• _WORK TO COMPLETE_
Of the lines below, write out exactly those from the line with "Tiger Plush Toy, Soothing" through the line with "Organiser un garage", both included, and skip the rest.

• _SUPPLIED ENTRIES_

§ §

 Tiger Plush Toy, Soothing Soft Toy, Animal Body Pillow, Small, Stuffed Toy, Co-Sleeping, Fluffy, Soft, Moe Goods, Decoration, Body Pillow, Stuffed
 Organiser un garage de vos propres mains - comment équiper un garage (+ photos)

§ §

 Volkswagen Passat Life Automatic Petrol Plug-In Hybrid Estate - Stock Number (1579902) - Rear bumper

§ §

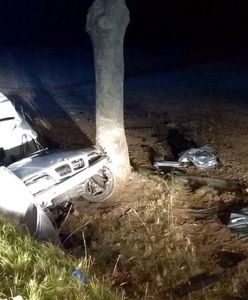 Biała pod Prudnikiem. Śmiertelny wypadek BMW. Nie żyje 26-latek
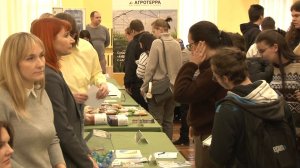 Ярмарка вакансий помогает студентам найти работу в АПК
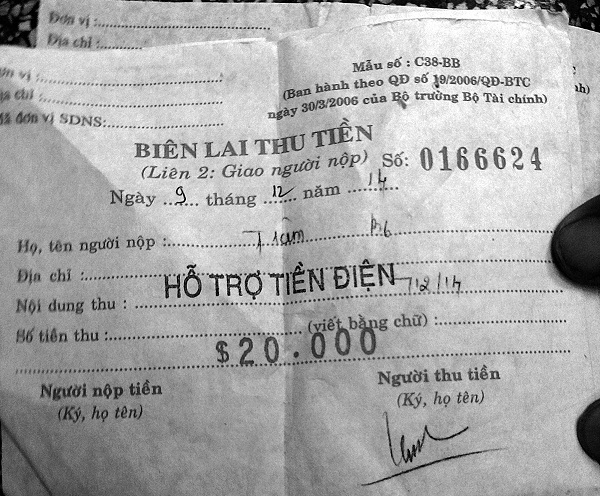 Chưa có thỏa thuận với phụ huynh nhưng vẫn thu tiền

§ §

• _PROBLEM SOLUTION_
 Tiger Plush Toy, Soothing Soft Toy, Animal Body Pillow, Small, Stuffed Toy, Co-Sleeping, Fluffy, Soft, Moe Goods, Decoration, Body Pillow, Stuffed
 Organiser un garage de vos propres mains - comment équiper un garage (+ photos)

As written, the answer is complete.